● **Required action**
Reproduce everything from the line that contains "Dagbädd med extrabädd" down to the line that contains "Dog Bike Trailer, Pet" in the listing below, word for word and nothing more. Leave the pictures out.

● **Provided entries**
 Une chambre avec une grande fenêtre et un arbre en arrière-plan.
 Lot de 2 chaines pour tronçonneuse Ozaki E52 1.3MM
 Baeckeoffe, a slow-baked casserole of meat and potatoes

--

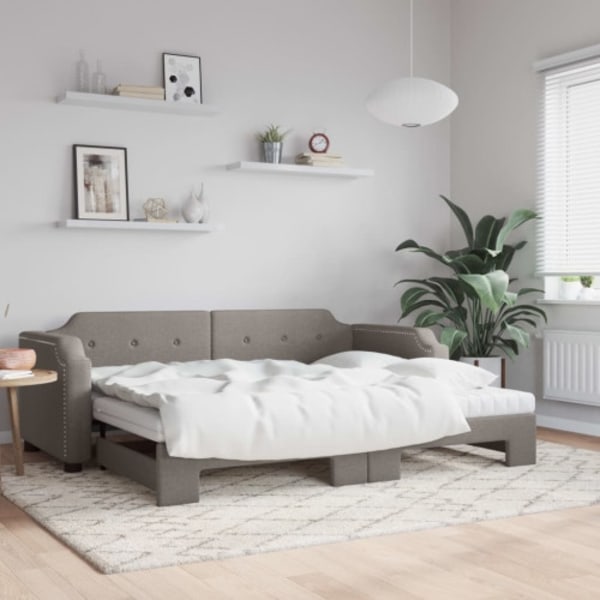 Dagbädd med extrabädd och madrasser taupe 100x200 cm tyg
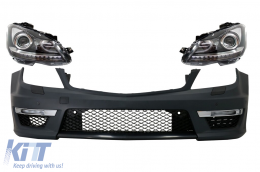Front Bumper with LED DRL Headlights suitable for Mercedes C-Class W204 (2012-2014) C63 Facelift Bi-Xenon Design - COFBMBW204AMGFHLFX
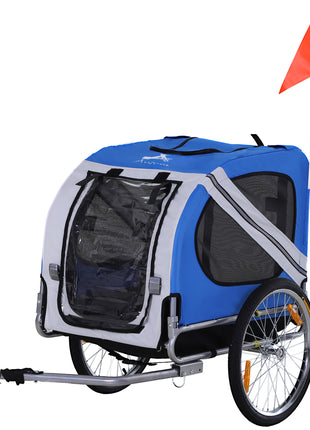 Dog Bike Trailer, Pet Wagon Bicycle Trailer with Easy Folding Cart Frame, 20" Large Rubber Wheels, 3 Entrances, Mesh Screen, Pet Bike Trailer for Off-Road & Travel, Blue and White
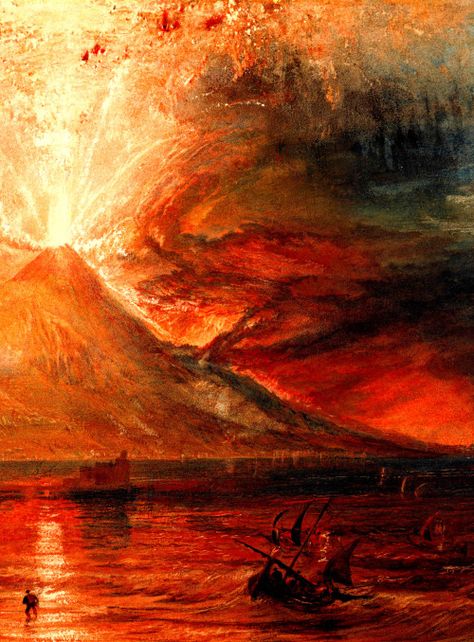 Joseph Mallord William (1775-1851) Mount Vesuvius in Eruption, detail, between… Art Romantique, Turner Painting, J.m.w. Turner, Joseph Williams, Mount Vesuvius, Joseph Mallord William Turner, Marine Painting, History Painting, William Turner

● **Solution for this task**
 Dagbädd med extrabädd och madrasser taupe 100x200 cm tyg
Front Bumper with LED DRL Headlights suitable for Mercedes C-Class W204 (2012-2014) C63 Facelift Bi-Xenon Design - COFBMBW204AMGFHLFX
 Dog Bike Trailer, Pet Wagon Bicycle Trailer with Easy Folding Cart Frame, 20" Large Rubber Wheels, 3 Entrances, Mesh Screen, Pet Bike Trailer for Off-Road & Travel, Blue and White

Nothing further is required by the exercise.